- Date: 14–18 February
- Edition: 3rd
- Category: Tier II
- Prize money: $430,000
- Surface: Carpet / indoor
- Location: Paris, France
- Venue: Stade Pierre de Coubertin

Champions

Singles
- Steffi Graf

Doubles
- Meredith McGrath Larisa Savchenko
| Open Gaz de France |

= 1995 Open Gaz de France =

The 1995 Open Gaz de France was a women's tennis tournament played on indoor carpet courts at the Stade Pierre de Coubertin in Paris, France, that was part of Tier II of the 1995 WTA Tour.
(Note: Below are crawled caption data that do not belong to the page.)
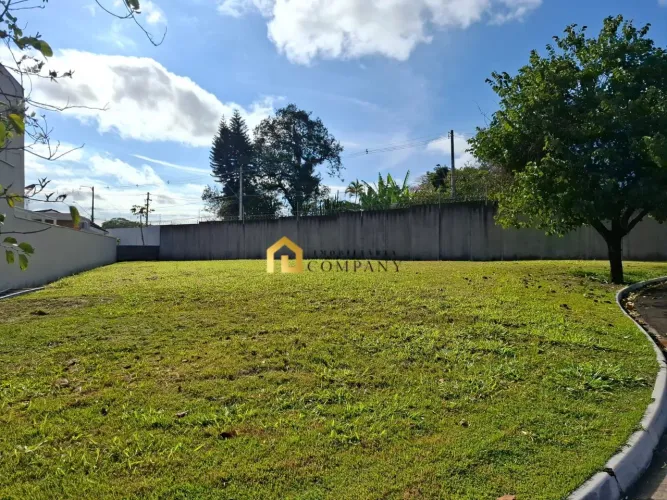 Condomínio Lago da Serra - Terreno de Esquina no Lago da Serra  Excelente Localização e Mu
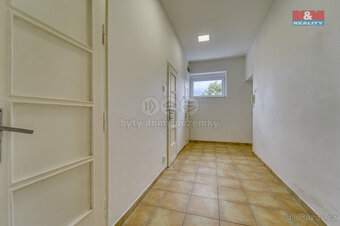 Prodej bytu 3+1, 77 m², Plzeň, ul. Částkova - 14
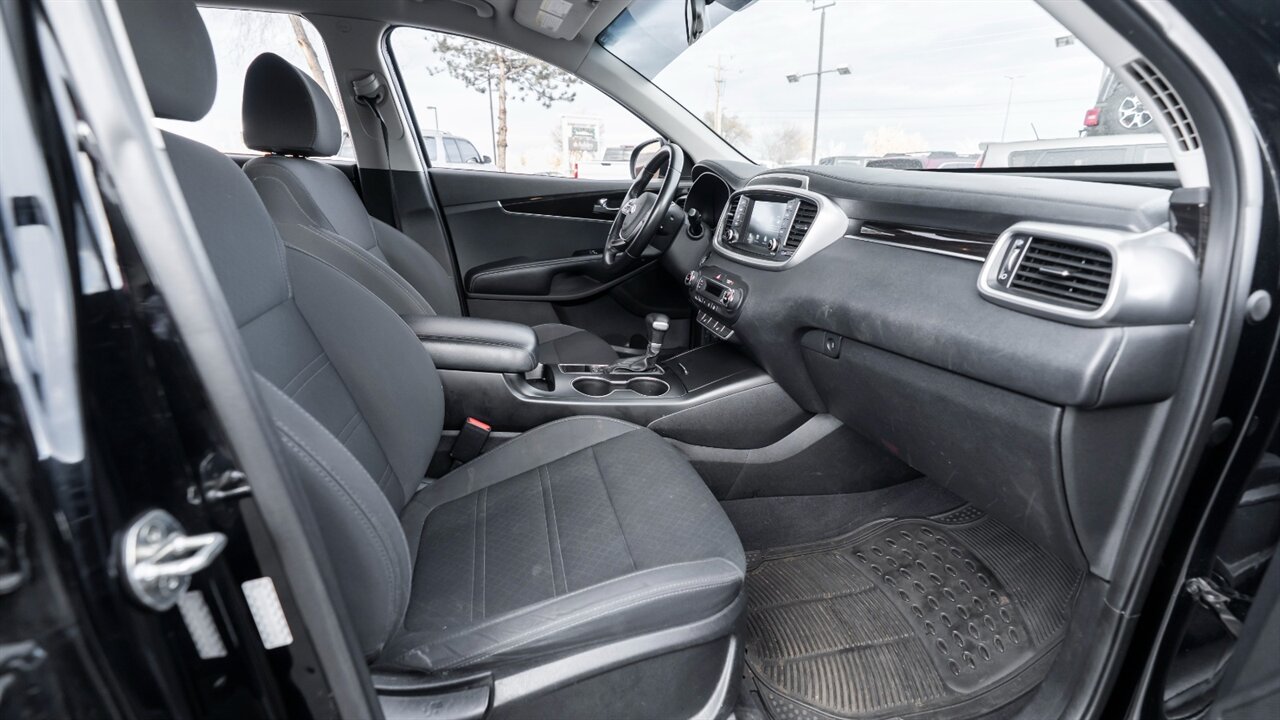 2020 Kia Sorento S - Photo 18 - Reno, NV 89511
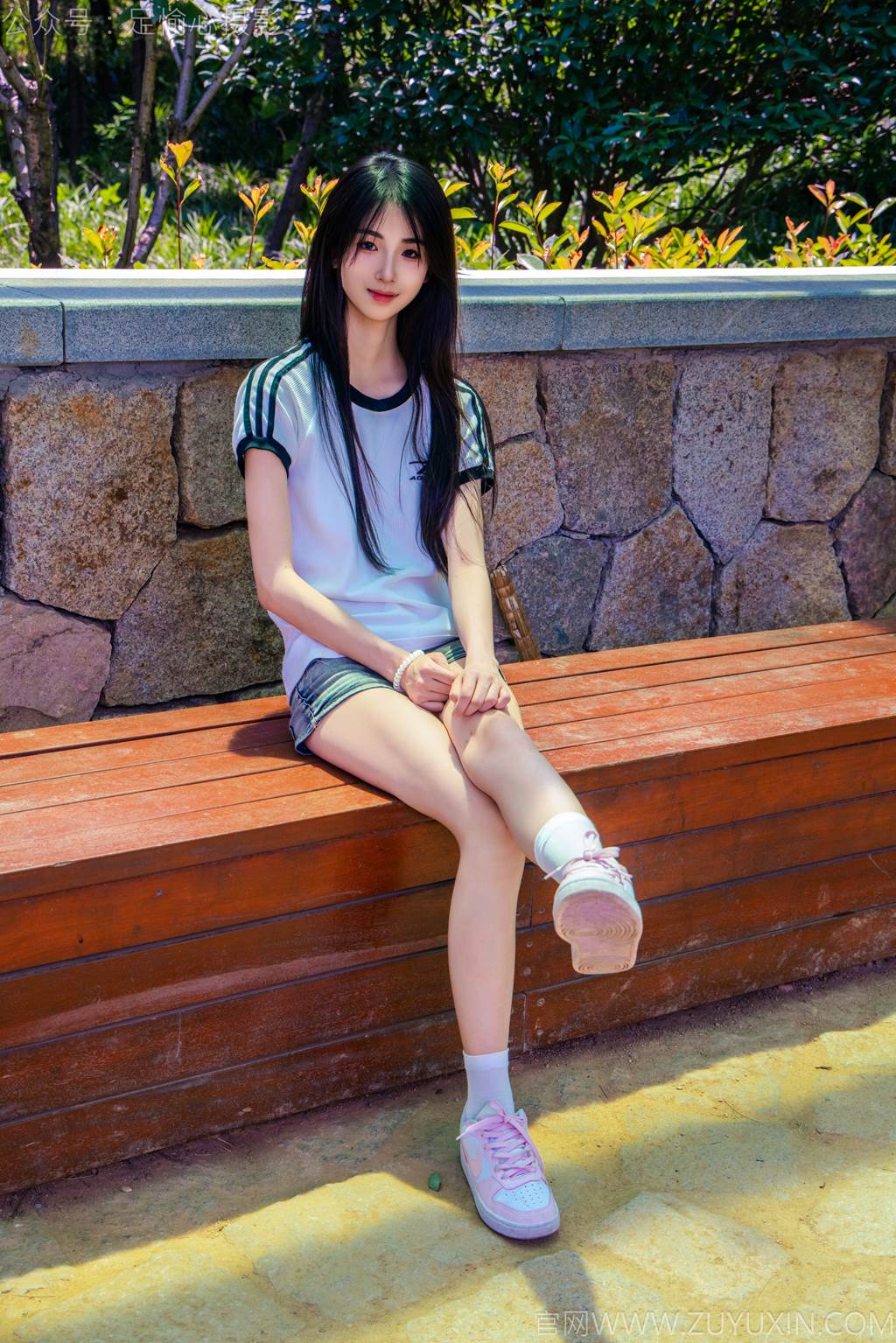 图片[88]-足愉心 NO.051 小瑶（搭配：T恤、牛仔短裤、白棉袜、帆布鞋、裸足）[95P] – 速更版-美库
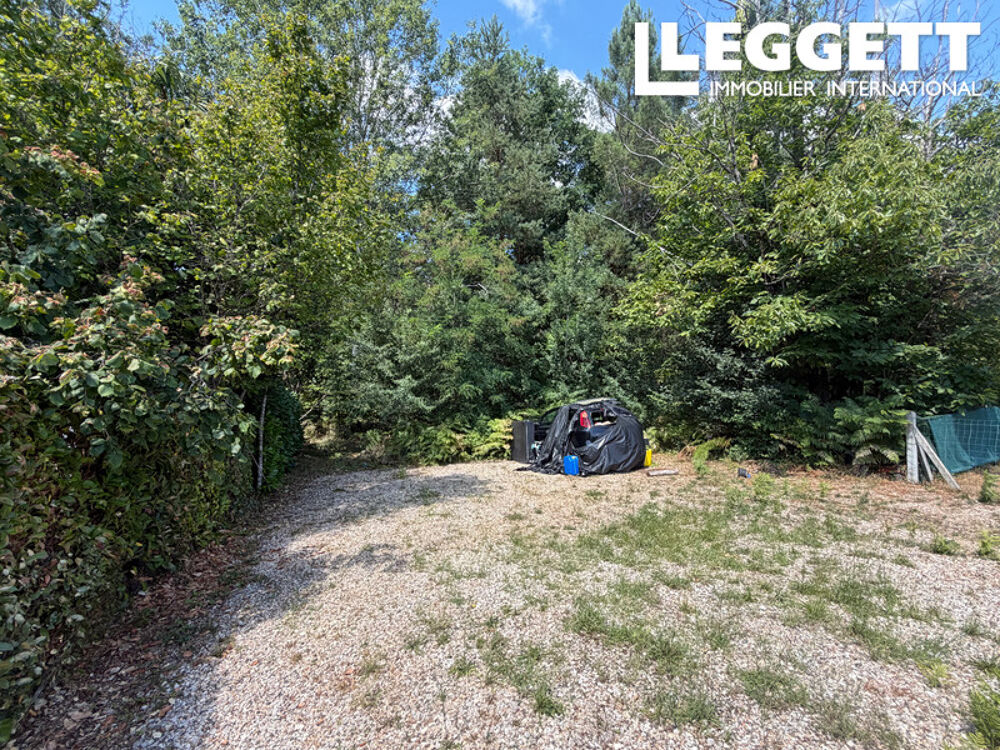 Vente Maison Maisonnette sur terrain de 2500m2, endroit très calme proche des commerces. Marsac-sur-l'isle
It was the third edition of the tournament and was held from 14 February until 18 February 1995. First-seeded Steffi Graf won the singles title and earned $79,000 first-prize money.

==Finals==
===Singles===

GER Steffi Graf defeated FRA Mary Pierce 6–2, 6–2
- It was Graf's 1st singles title of the year and the 87th of her career.

===Doubles===

USA Meredith McGrath / LAT Larisa Savchenko defeated NED Manon Bollegraf / AUS Rennae Stubbs 6–4, 6–1
- It was McGrath's 1st title of the year and the 19th of her career. It was Savchenko's 1st title of the year and the 52nd of her career.